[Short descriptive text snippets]
****************

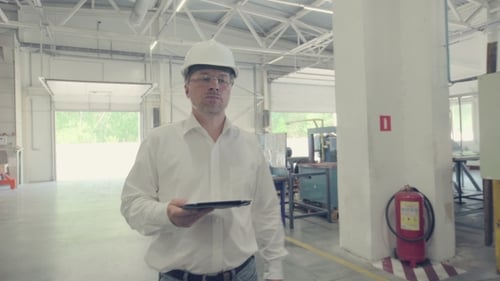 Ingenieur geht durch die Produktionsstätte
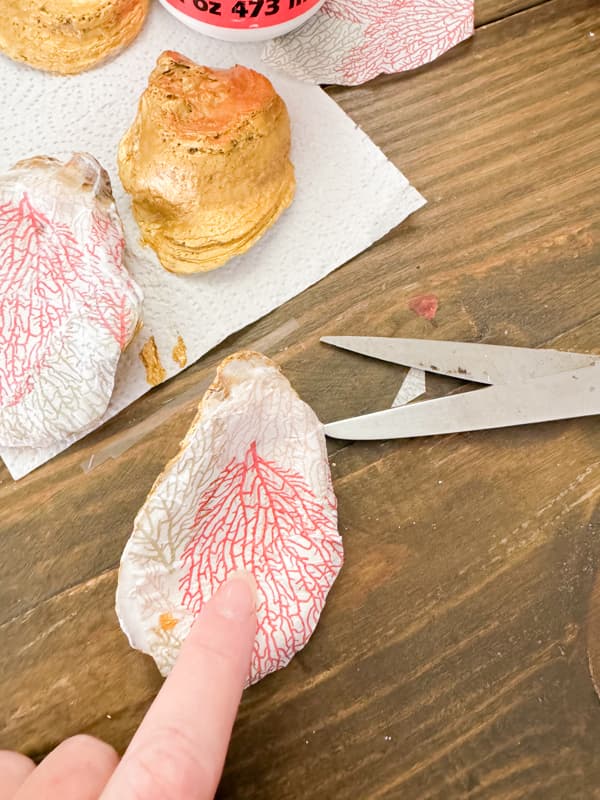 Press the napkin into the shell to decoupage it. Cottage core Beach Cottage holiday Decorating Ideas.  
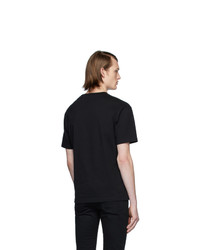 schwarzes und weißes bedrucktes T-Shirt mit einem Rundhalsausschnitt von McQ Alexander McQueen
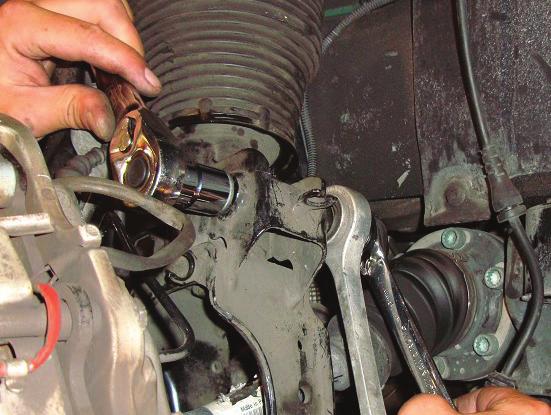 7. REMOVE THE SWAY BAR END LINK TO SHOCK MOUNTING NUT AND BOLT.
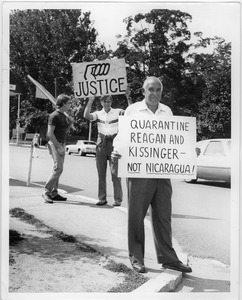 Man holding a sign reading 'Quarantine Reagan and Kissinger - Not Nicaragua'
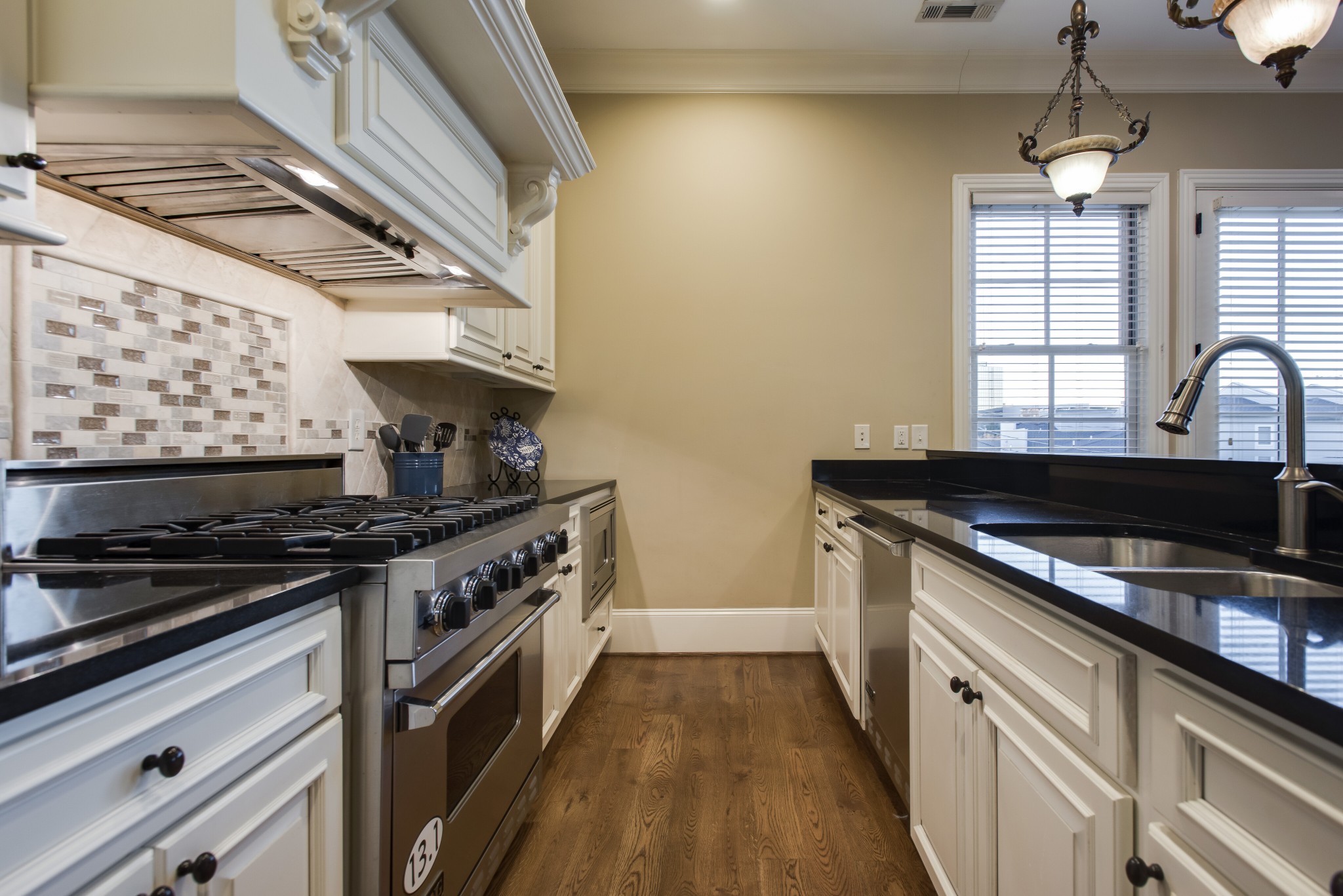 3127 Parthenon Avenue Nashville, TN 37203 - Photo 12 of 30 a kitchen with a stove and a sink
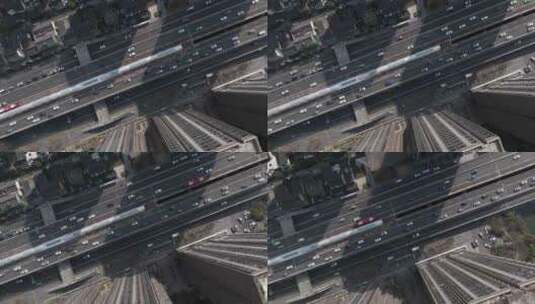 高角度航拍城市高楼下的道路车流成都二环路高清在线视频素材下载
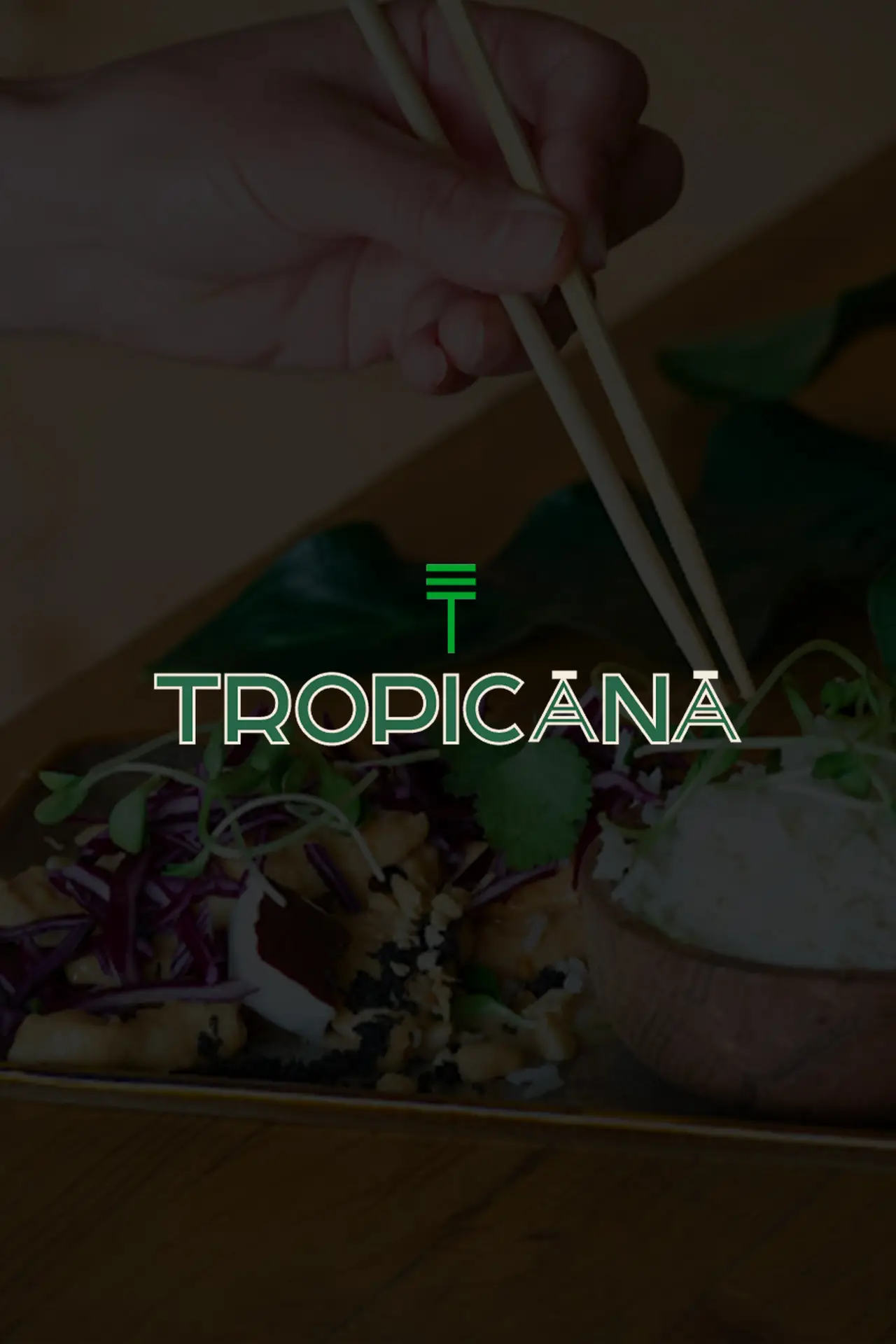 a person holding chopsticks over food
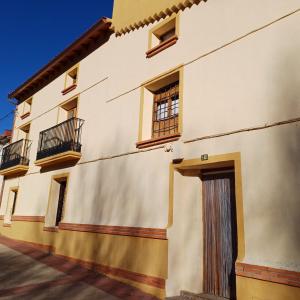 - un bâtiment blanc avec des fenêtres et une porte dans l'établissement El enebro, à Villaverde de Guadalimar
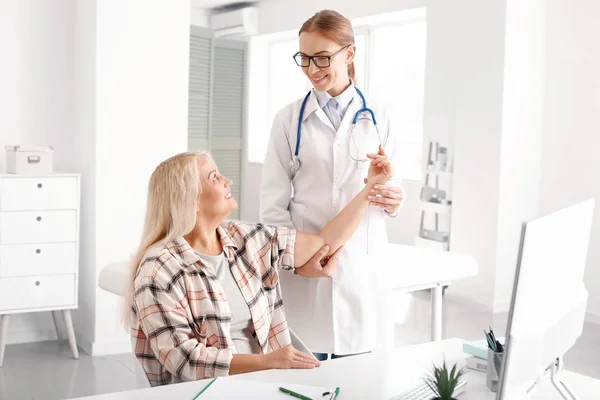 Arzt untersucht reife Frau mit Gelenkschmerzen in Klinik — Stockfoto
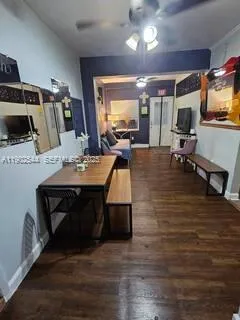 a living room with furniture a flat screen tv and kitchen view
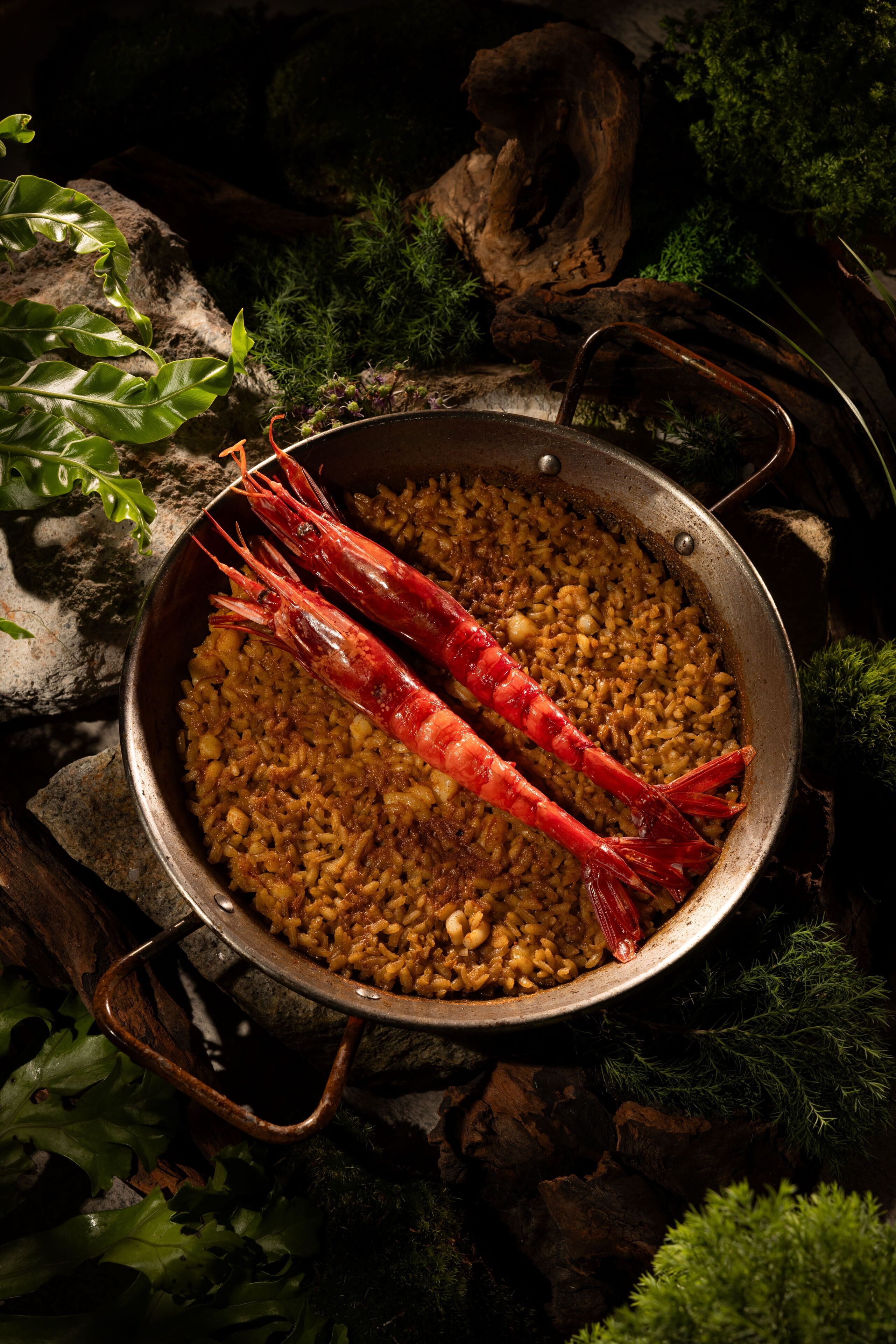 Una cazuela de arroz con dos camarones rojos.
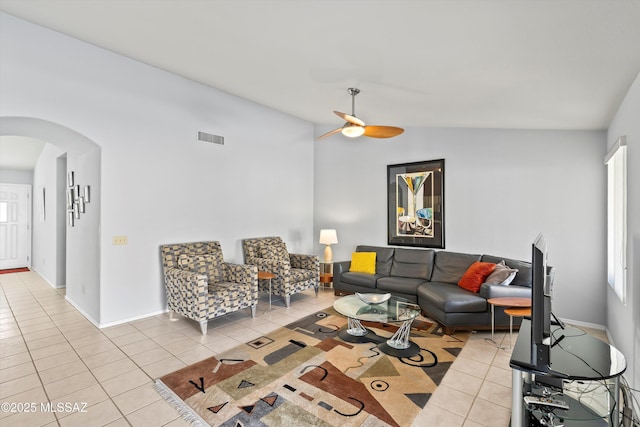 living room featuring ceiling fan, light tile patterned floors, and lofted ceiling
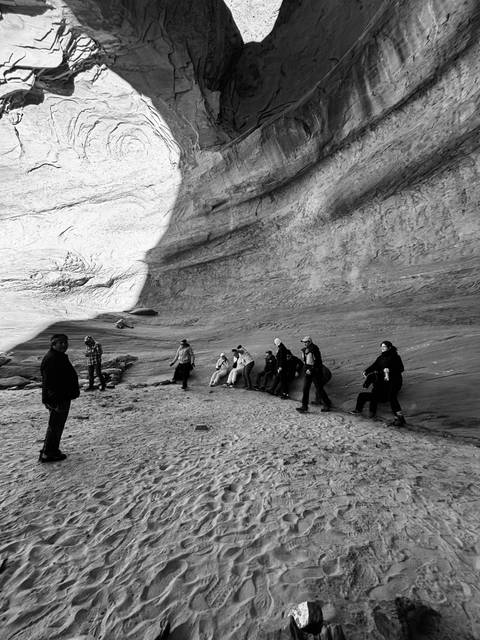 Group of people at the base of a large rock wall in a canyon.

****************

_GOAL OF THE EXERCISE_.
Above are the records; set down exactly the lines from the line containing "Una cazuela de" through their last line, leaving every picture out.

_OUTPUT FOR THIS TASK_.
 Una cazuela de arroz con dos camarones rojos.
 living room featuring ceiling fan, light tile patterned floors, and lofted ceiling
 Group of people at the base of a large rock wall in a canyon.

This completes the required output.